The study is underpinned by the public sphere paradigm, which emphasizes that language policy and planning (LPP) should be studied from the actual practices of local stakeholders/agents and communities within the local sites. This approach allows researchers to understand the complex, multilayered, and dynamic process of policy interpretation, appropriation, and implementation. The study draws on qualitative interviews with 12 English teachers from the elite English–medium schools to show how their agency and agentive responses to policy generate openings for transformative English teaching and learning practices. Agency refers to an individuals' capability to make difference to pre–existing state of affairs. The transformative acts entail teachers creating spaces for multiple languages, cultures, and identities despite strict constraints from the English–only gate–keeping regimes. Findings suggest that teachers who have critical consciousness, solid theoretical knowledge of bi/multilingual education, and critical awareness of LPP can often challenge institutional constraints to open meaningful ‘ideological and implementational spaces’ (Hornberger, 2003) for multilingual pedagogies within the hard–core monolingual institutional environments. We sum up by emphasizing that the scale of these agentive actions may appear tiny and insignificant; however, these reflexive actions showcase substantial symbolic and ideological potential for an epistemic reorientation in the field of English language education.

Disclosure statement

No potential conflict of interest was reported by the author(s).

Notes on contributors

Syed Abdul Manan holds PhD degree in Applied Linguistics. He presently serves as Associate Professor in Multilingual Education Program in the Graduate School of Education Nazarbayev University Nur-Sultan (Astana) Kazakhstan. His work on sociolinguistics, language policy and planning, Bi/multilingual Education and linguistic landscape has been published in a number of impact factor (ISI-indexed) journals.

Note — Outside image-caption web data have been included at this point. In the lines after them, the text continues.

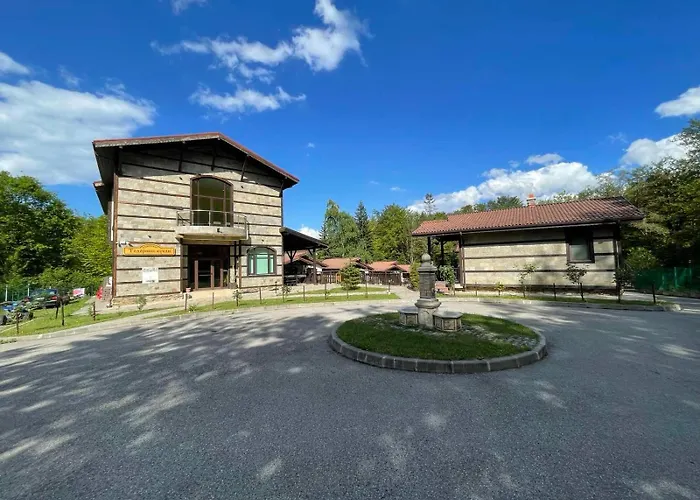 Хотел тодорини кукли *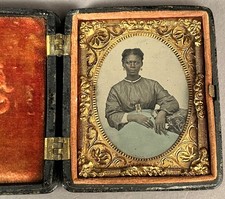 1/9 PLATE TINTYPE, ELEGANT BLACK WOMAN, LOTS OF JEWELRY (NOT A DAGUERREOTYPE)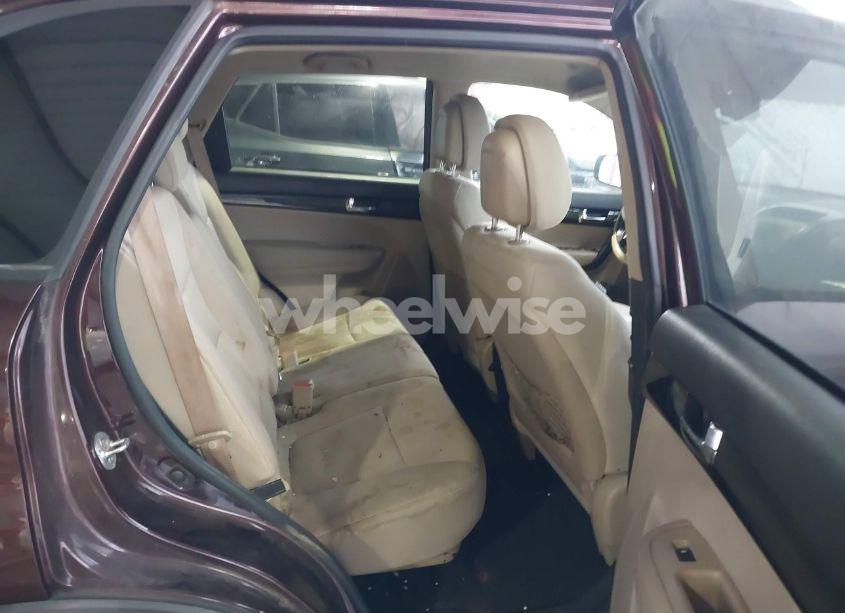 Photo 8 of 2013 Kia Sorento LX (VIN 5XYKT3A6XDG384793)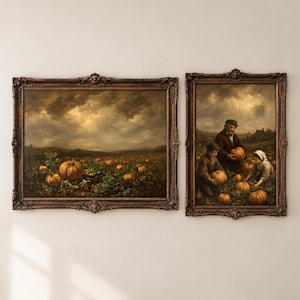 Könnte beinhalten: Zwei Ölgemälde in verzierten, dunkelbronzenen Rahmen. Das linke Querformat zeigt ein Kürbisfeld unter einem stürmischen Himmel. Das rechte Hochformat zeigt drei Personen, die orangefarbene Kürbisse auf einem Feld ernten.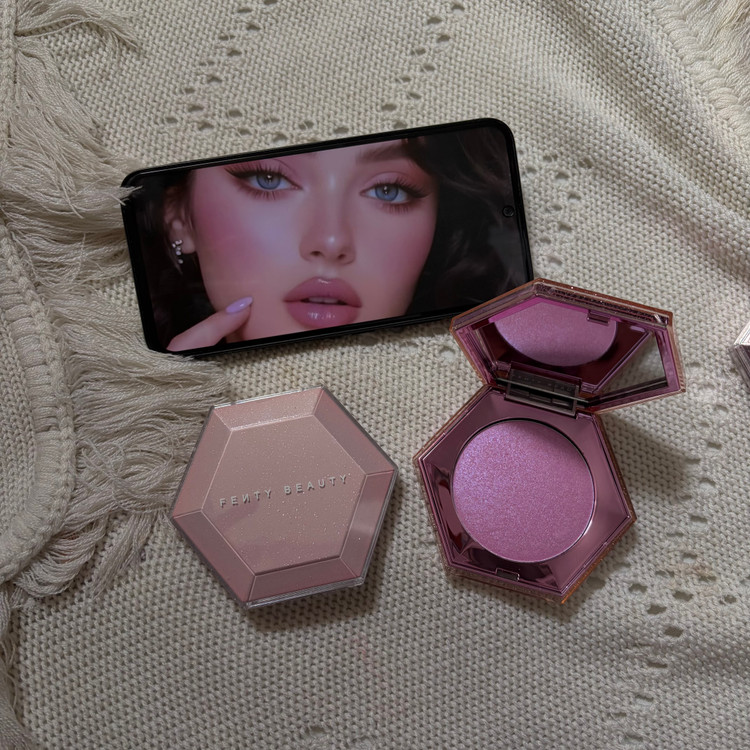 هایلایتر پودری فنتی بیوتی fenty beauty ✨️🫧🪞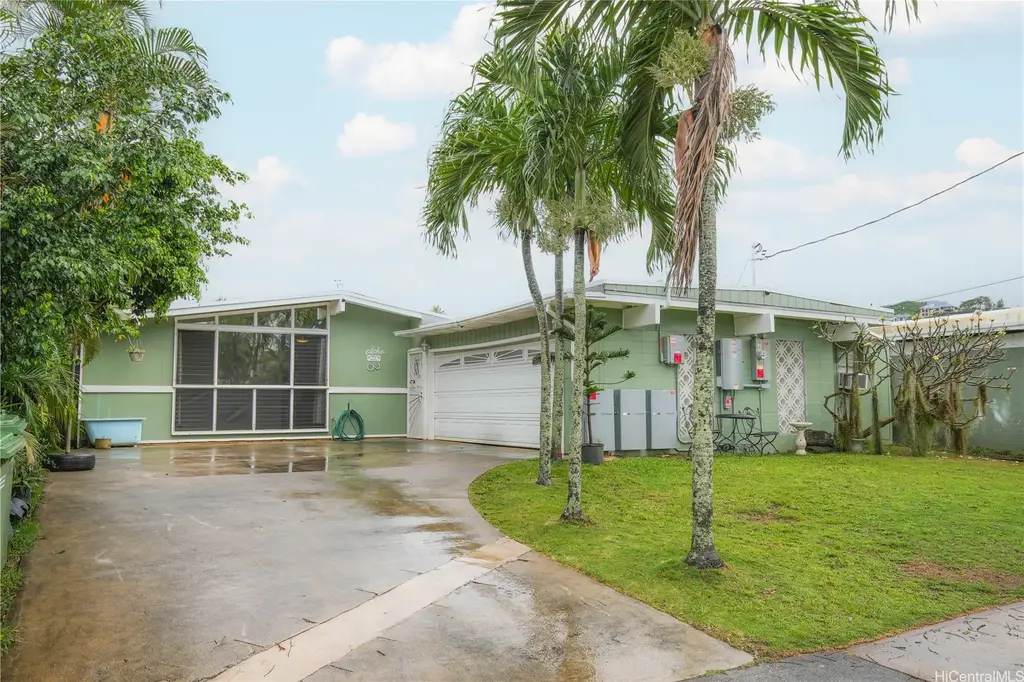 951 Holoholo Street, Kailua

Liaquat Ali Channa holds PhD degree in Applied Linguistics. He presently serves as Associate Professor in the Department of English, Balochistan University of IT, Engineering & Management Sciences (BUITEMS), Quetta, Pakistan. His research work has been published in prestigious research journals.

Maya Khemlani David holds PhD degree in Sociolinguistics. She has been working as a Professor in the Faculty of Languages & Linguistics, University of Malaya, Malaysia. She is currently affiliated with the Humanity Cluster, University of Malaya as a researcher, and works as Honorary Academic Consultant, London College of Clinical Hypnosis. She is a widely published scholar in sociolinguistics and language policy and planning.

Muhammad Amin holds masters degree in Linguistics. He is a Lecturer at the English Department, University of Balochistan Pakistan. Email: [email protected]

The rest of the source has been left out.